Vivimos en un mundo saturado de pantallas. A través de estas ventanas digitales no solo vemos el mundo sino que lo consumimos –a la vez que nos consumimos–. Esta constante sobreexposición nos ha convertido en espectadores, participantes y víctimas de la disolución paulatina de las identidades locales. La pantalla, artículo omnipresente, ha sido el vehículo más poderoso de esta globalización. Cada vez más, nuestras acciones, pensamientos y comportamientos responden a códigos y contextos comunes, independientemente de las fronteras.
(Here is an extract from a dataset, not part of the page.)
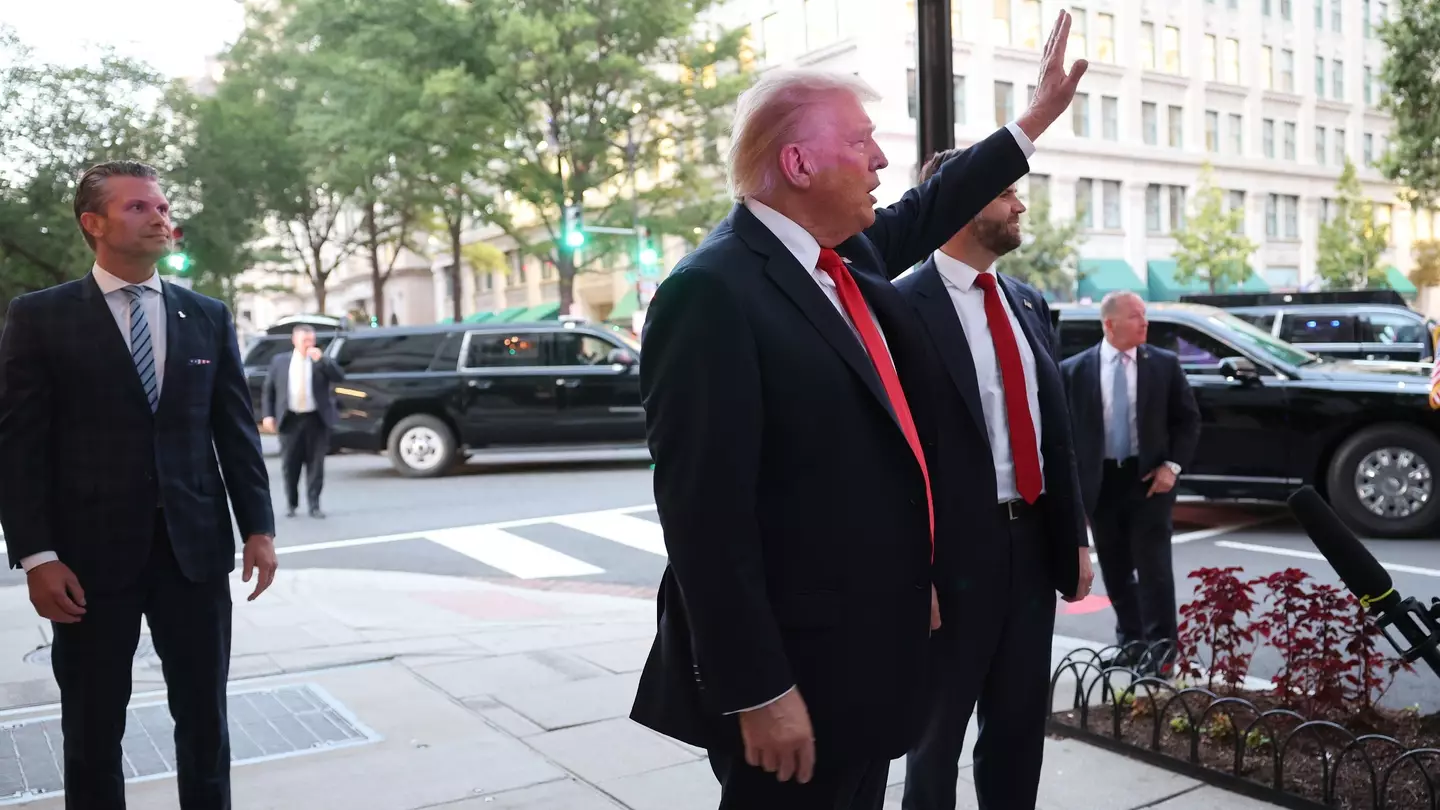 Trump fuels major debate after being savagely booed and insulted during restaurant appearance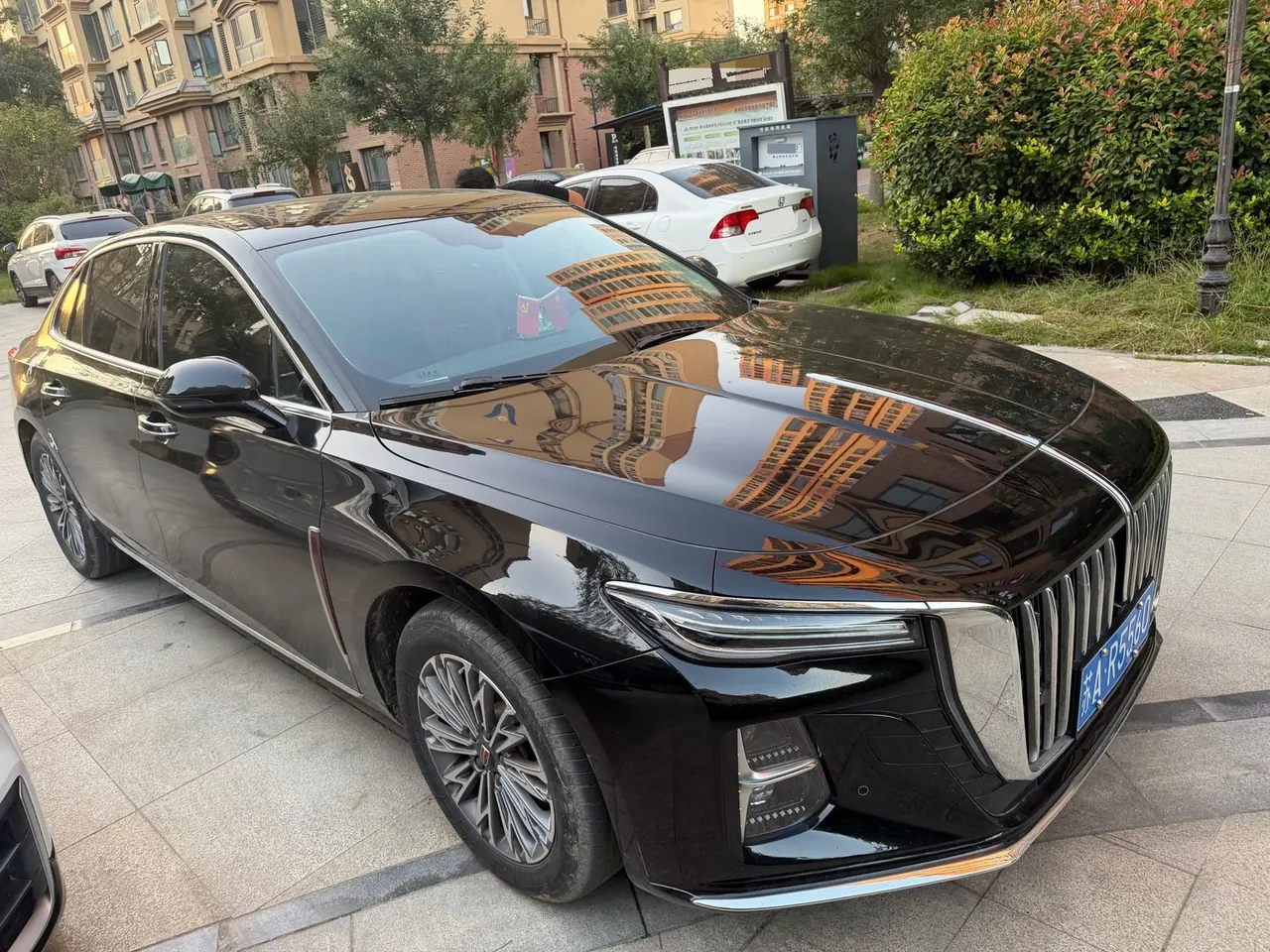 HongQi 2024 H5 1.5T Zhilian Flag Rhyme Edition Automatic Gear 8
Y, por supuesto, la pintura no escapa a este fenómeno.
A lo largo de la historia del arte, uno de los debates más persistentes ha sido la relación entre la pintura y la naturaleza. ¿Debe el pintor capturar el mundo exterior, basarse en la observación directa, o sumergirse en su mundo interior? Sin embargo, gran parte de la pintura ha estado profundamente conectada con la naturaleza e influenciada por el entorno particular del pintor –desde la luz y las atmósferas, hasta los matices culturales únicos de ese tiempo y espacio–, así como por la visión personal de cada artista. Los colores de Zorn, por ejemplo, no solo son innegablemente suecos, sino inconfundiblemente suyos. Y los serenos interiores de Vermeer, impregnados de la fría luz del norte de Europa, son irremediablemente distintos de las vibrantes escenas mediterráneas de Sorolla, pintadas dos siglos después. El contexto natural y temporal, ha dado lugar históricamente a una pintura única y personal.
En cuanto a las innovaciones tecnológicas, los pintores de diferentes épocas las han asimilado, a veces como recurso creativo, otras como una limitación a superar. La invención de la cámara fotográfica, por ejemplo, permitió la experimentación con nuevas formas de composición pictórica a partir de la imágenes mediadas por la lente. Al mismo tiempo, se pusieron en crisis géneros tradicionales como el retrato y se replanteó el propósito mismo de la pintura. La bombilla eléctrica transformó la manera en que los artistas miraban y representaban la realidad, permitiéndoles también trabajar de noche. Sin embargo, a diferencia de la luz natural, la luz artificial limita la riqueza cromática y tonal, altera las atmósferas y propicia una desconexión mayor con la naturaleza. Los medios de transporte modernos, por su parte, permitieron a los artistas explorar nuevos paisajes, antes inaccesibles, ampliando sus horizontes creativos. Y a la vez, trajeron consigo un desapego de lo propio y el eventual deterioro del paisaje natural.
La digitalización ha generado transformaciones sin precedentes. Hoy, producto de estar permanentemente inmersos en las pantallas, muchos pintores trabajan desde sus dispositivos y muestran su obra de la misma manera, abriendo nuevas y desafiantes formas de producción e interacción con la pintura. Las imágenes digitales, a partir de las cuales se genera mucha de la pintura contemporánea, son una síntesis plana y bidimensional, excesivamente brillante y nítida, de la realidad. Me pregunto si esas imágenes “sintéticas” posiblemente contribuyan a que la retina del pintor se vuelva perezosa. Y es que los pintores de hoy ya no solo observan su entorno, sino que interpretan y manipulan las imágenes que circulan por las pantallas. Algunos, como David Hockney, incluso han experimentado con la creación de obras –digitales, que no pictóricas– directamente desde dispositivos. Y sin importar en qué parte del mundo se encuentren, los artistas consumen esencialmente el mismo material visual. Mucha de la pintura actual está determinada por un repertorio visual común; la mirada se ha globalizado.
Al mismo tiempo, la búsqueda de la visibilidad en el océano digital de imágenes, a menudo promueve la repetición de estilos y fórmulas visuales que sean atractivos para el algoritmo; y la validación superficial que ofrecen las redes sociales, se han convertido en la medida del éxito. Desde el punto de vista del espectador, el consumo de arte a través de pantallas ha desplazado la experiencia sensorial y emocional directa. Ver pintura desde un dispositivo, no es ver pintura. La interacción con los artistas y sus obras se ha convertido en una experiencia fugaz, efímera y despersonalizada. La saturación de imágenes y la rapidez con que las consumimos generan fatiga visual y mental. En un mundo cada vez más digital y globalizado, la pintura se enfrenta a la paradoja de ser más accesible y al mismo tiempo más homogénea, distante e impersonal.